**Your assignment:** For the data below, restate word for word only the lines from the line containing "Used 2023 Mercedes-Benz" through the line containing "Baú vintage em madeira trabalhada", both ends included.

**Data provided:**
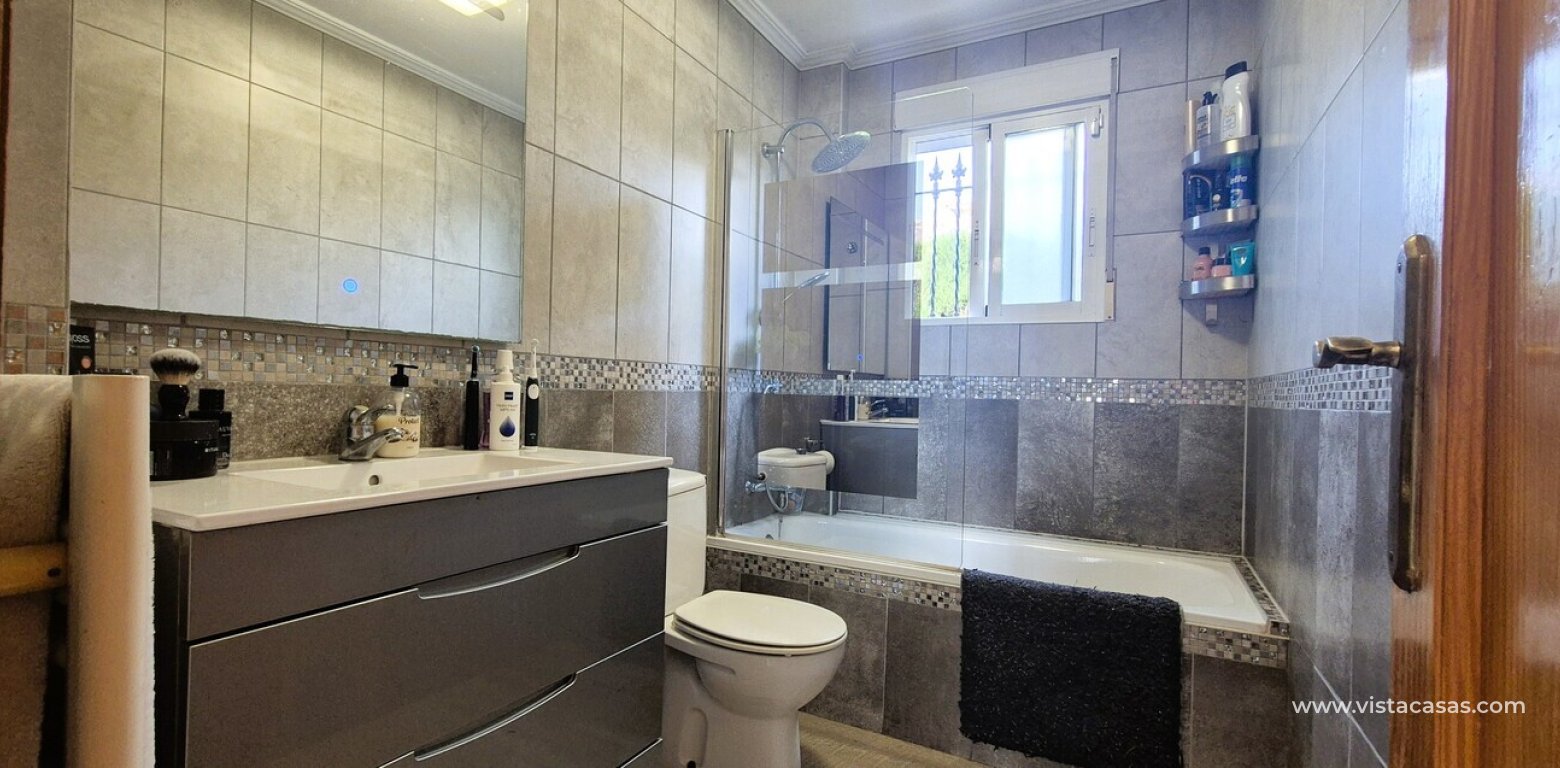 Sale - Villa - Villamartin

==

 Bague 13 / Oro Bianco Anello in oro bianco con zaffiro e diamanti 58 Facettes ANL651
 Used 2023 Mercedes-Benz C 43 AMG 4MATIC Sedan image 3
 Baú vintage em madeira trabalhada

* * *

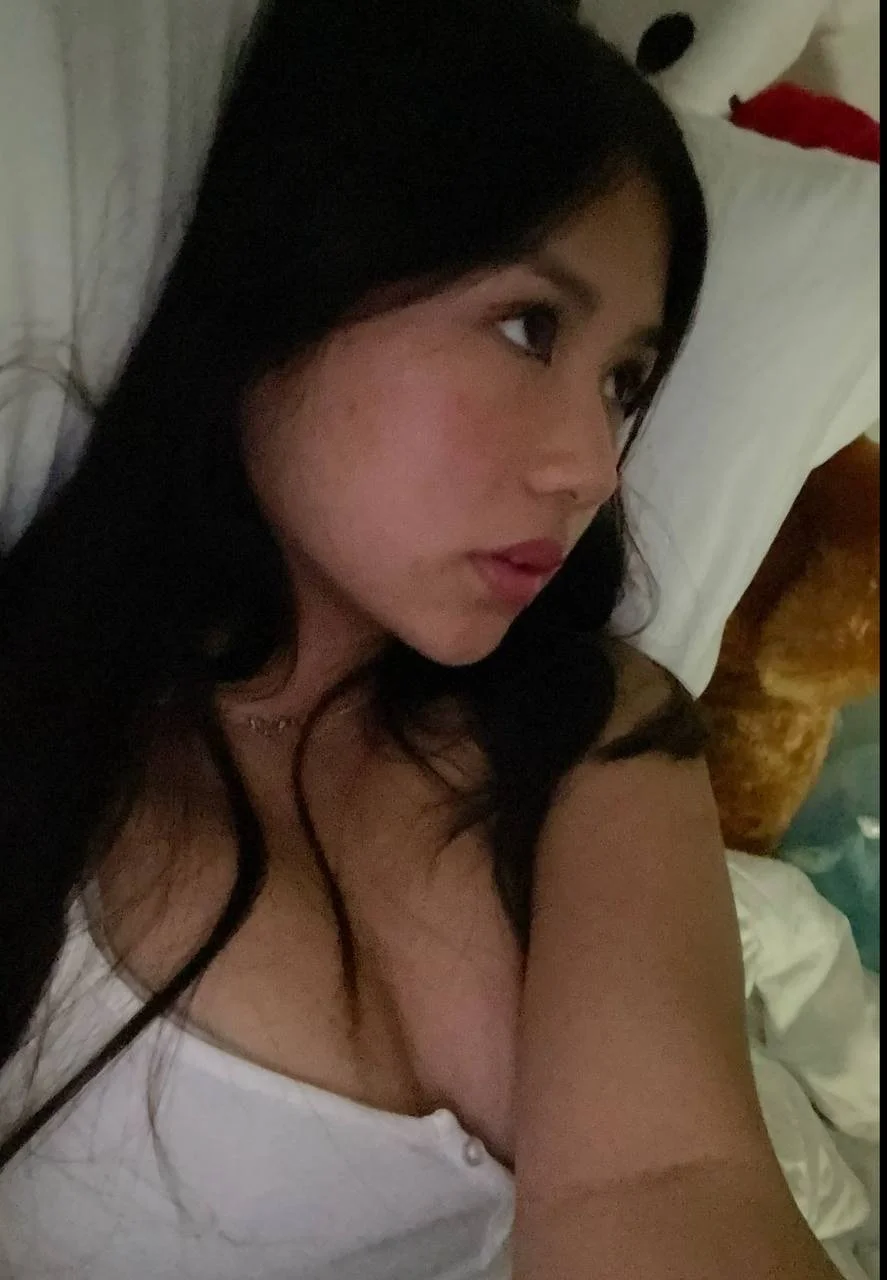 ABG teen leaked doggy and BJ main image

**Your response:**
 Used 2023 Mercedes-Benz C 43 AMG 4MATIC Sedan image 3
 Baú vintage em madeira trabalhada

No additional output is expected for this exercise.